3. Durcir les systèmes et relancer les activités
Dans cette phase, l’objectif est de restaurer les activités tout en renforçant la sécurité des systèmes pour éviter de nouvelles compromissions. Cette étape, pour revenir à la normale, s’articule autour du durcissement des systèmes et de la reconstruction progressive.

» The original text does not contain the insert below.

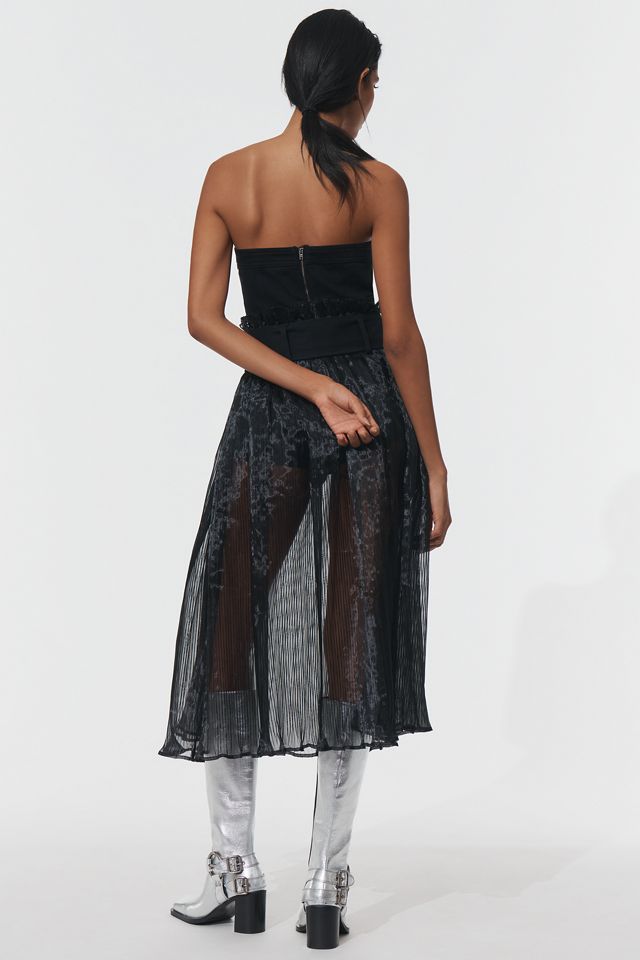 Pilcro Strapless Bodysuit & Sheer Skirt #1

a. Durcissement et remédiation
Une fois les vecteurs de l’attaque identifiés, des actions de sécurisation doivent être déployées pour empêcher de nouvelles intrusions. Il faudra donc réviser les pratiques d’administration des systèmes et mettre en place de nouvelles mesures de sécurité. Le plan de durcissement est ajusté selon les résultats des investigations et les besoins métiers. En cas de mesures ayant un impact important, l’adhésion des équipes métiers est nécessaire pour garantir leur bonne application. L'objectif est de construire un "cœur de confiance" sécurisé pour relancer les activités essentielles sans risque de compromission.
b. Reconstruction des systèmes
La remise en production se concentre d’abord sur les systèmes critiques, en fonction de leur priorité pour l’organisation (comme les outils de paie ou les applications de production). Cette reconstruction repose sur des sauvegardes saines et exige un standard de sécurité élevé, même si cela peut ralentir le processus. La cellule stratégique supervise cette phase pour s’assurer que la sécurité n’est pas sacrifiée au profit de la rapidité. Toute dérogation doit être approuvée par la cellule stratégique, avec une évaluation formelle des risques associés.
c. Coordination et transparence
Les équipes métiers testent les systèmes et applications avant leur remise en service. Une communication continue est assurée avec les utilisateurs et personnes concernées pour gérer les attentes et maintenir l’engagement des équipes jusqu’à la fin de la crise. Cette coordination, renforcée par un suivi rigoureux, permet de synchroniser les efforts de remédiation et de reconstruction.
4. Tirer les leçons de la crise et capitaliser
Dans la même perspective qu’à l’issue d’un exercice de gestion de crise, il s’agira de faire un retour d’expérience pour identifier les points d’amélioration et renforcer le plan de gestion de crise cyber. Ce retour d'expérience sera notamment l’occasion de mettre à jour les procédures et une opportunité de sensibiliser les équipes internes et externes des leçons à tirer de l’incident pour garantir une réponse future plus performante.